Task description
Your copy should run exactly from the line containing "517 Prospect Ave, Riverside" to the last line of the entries below, and it should include no pictures.

Segment Open

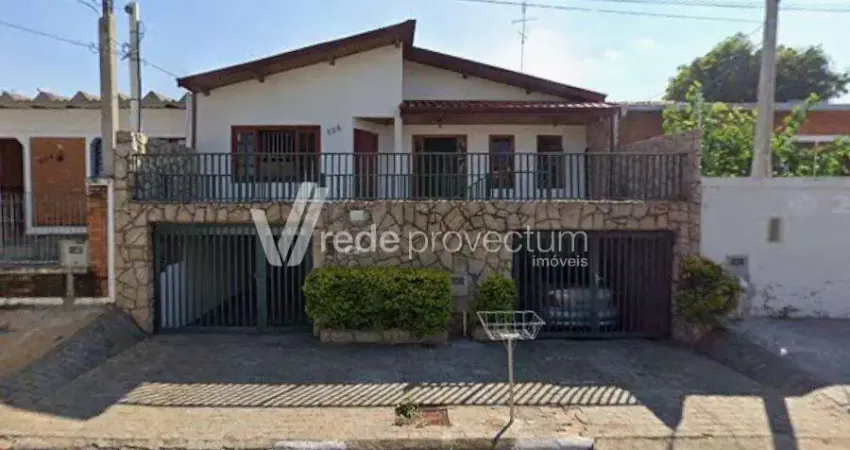 Casa com 3 quartos à venda na Rua Presidente Alves, 526, Jardim Flamboyant, Campinas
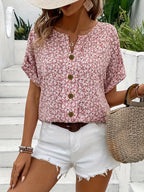 Blusa feminina floral com botões corte fluido e estampa delicada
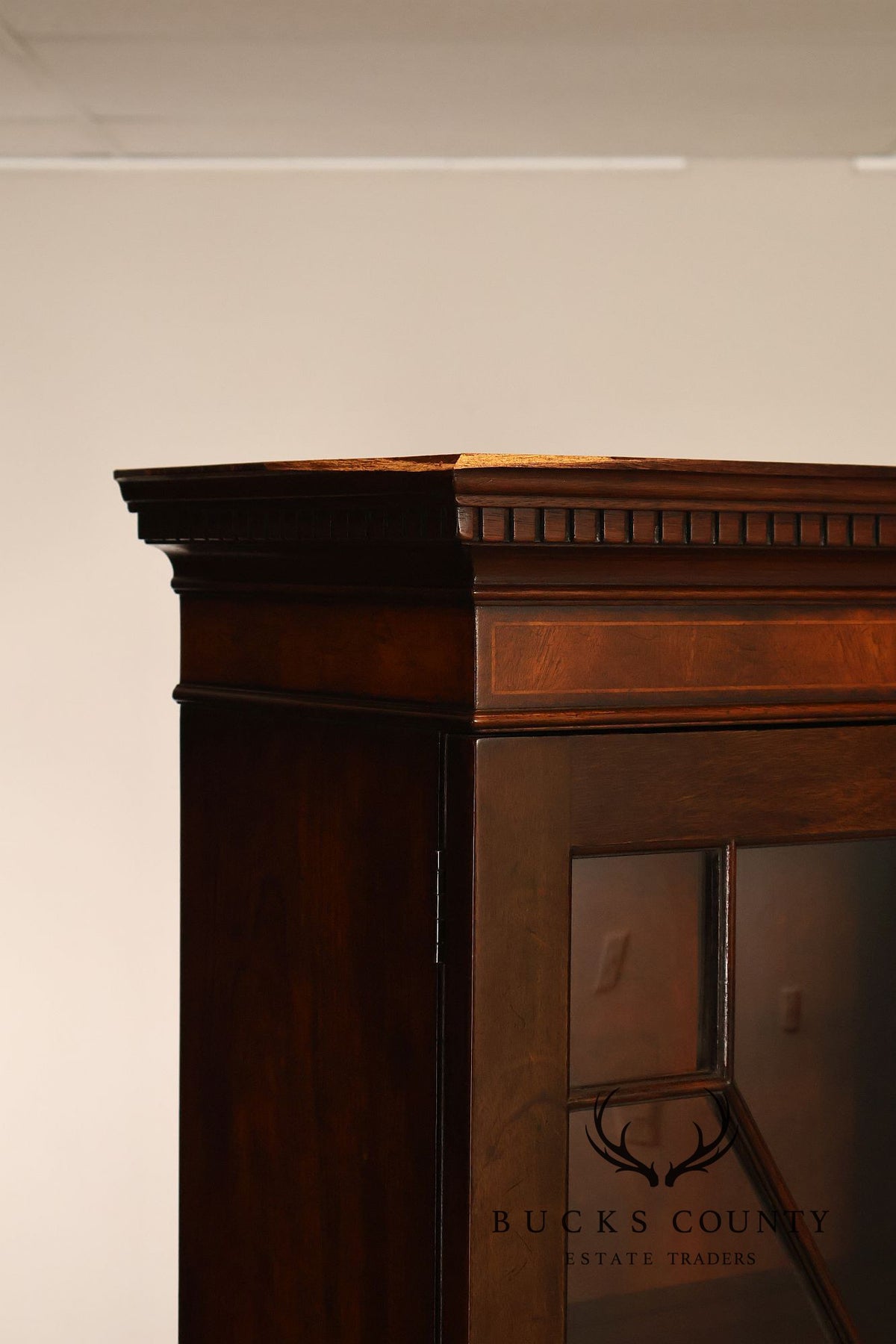Baker Furniture Georgian Style Vintage Mahogany Breakfront Bookcase
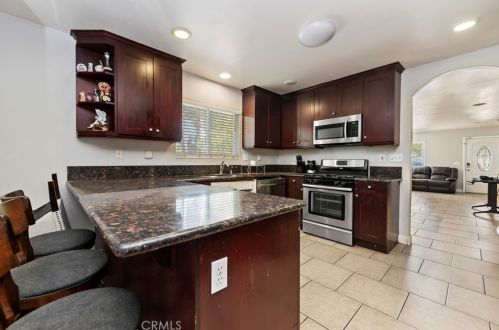 517 Prospect Ave, Riverside CA  92507-1720 exterior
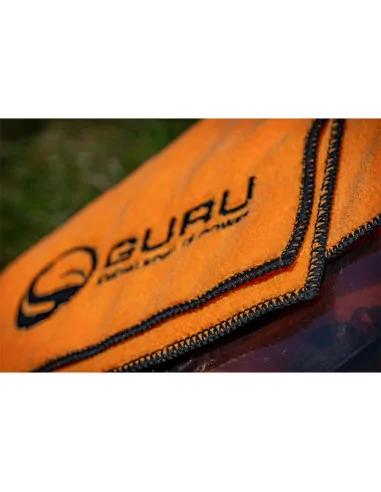 Guru Microfibre Towel 60x45cm orange schwarz 1 Stück Handtuch Method Feeder Anglhandtuch-Angelzubehör-JJ-Fishing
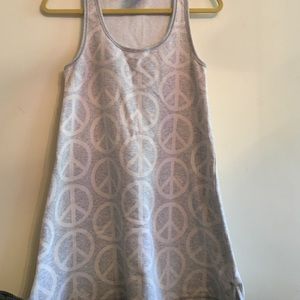 Tank top/sweatshirt too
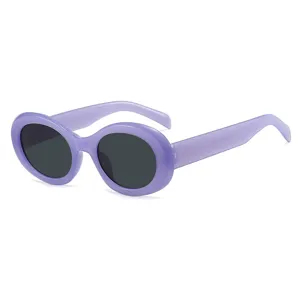 Modische lila ovale Sonnenbrille für Damen mit dunklen Gläsern für den Urlaub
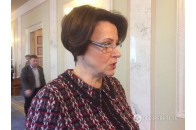 Нардеп від БПП прийшла в Раду у сережках за $5 тисяч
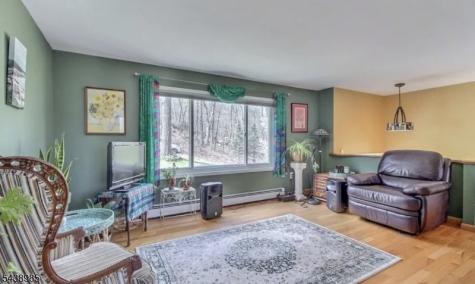 5 Grey Trail Vernon NJ 07462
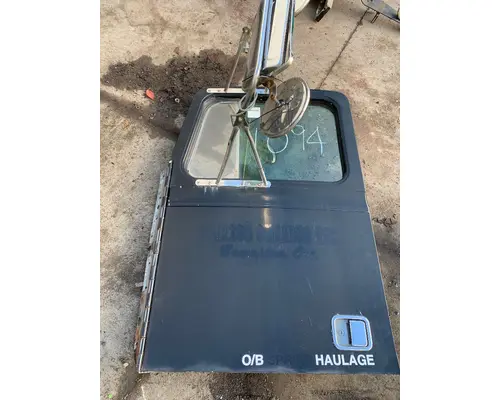 WESTERN STAR TR 4964 SX Door Assembly, Front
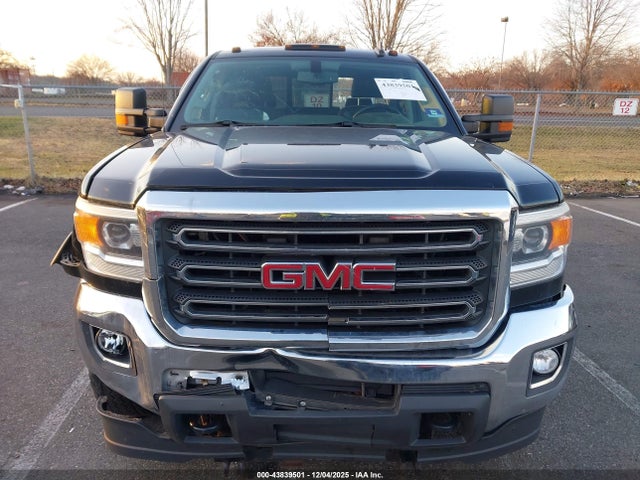 43839501 :رقم المزاد ، 1GT22YEG6FZ516505 vin ، 2015 Gmc Sierra 2500hd Sle مزاد بيع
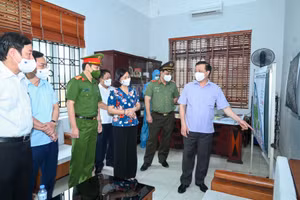 Ủy viên Bộ Chính trị, Bí thư Thành ủy Hà Nội Đinh Tiến Dũng kiểm tra công tác phòng dịch tại huyện Thanh Trì.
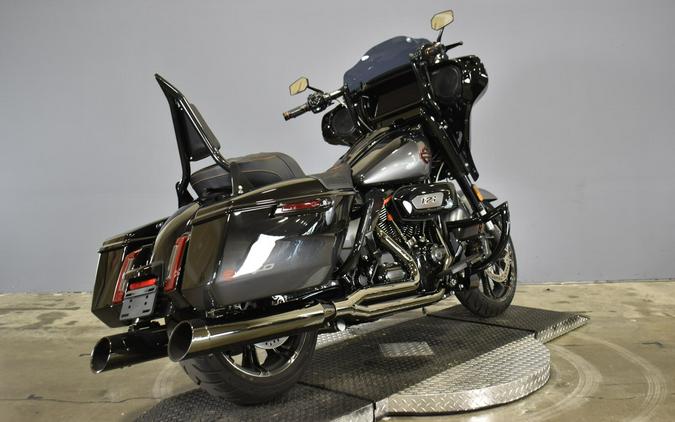 2025 Harley-Davidson CVO Street Glide Raven Fade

Segment Closed

Output of the task
 517 Prospect Ave, Riverside CA  92507-1720 exterior
 Guru Microfibre Towel 60x45cm orange schwarz 1 Stück Handtuch Method Feeder Anglhandtuch-Angelzubehör-JJ-Fishing
 Tank top/sweatshirt too
 Modische lila ovale Sonnenbrille für Damen mit dunklen Gläsern für den Urlaub
 Нардеп від БПП прийшла в Раду у сережках за $5 тисяч
 5 Grey Trail Vernon NJ 07462
 WESTERN STAR TR 4964 SX Door Assembly, Front
 43839501 :رقم المزاد ، 1GT22YEG6FZ516505 vin ، 2015 Gmc Sierra 2500hd Sle مزاد بيع
 Ủy viên Bộ Chính trị, Bí thư Thành ủy Hà Nội Đinh Tiến Dũng kiểm tra công tác phòng dịch tại huyện Thanh Trì.
 2025 Harley-Davidson CVO Street Glide Raven Fade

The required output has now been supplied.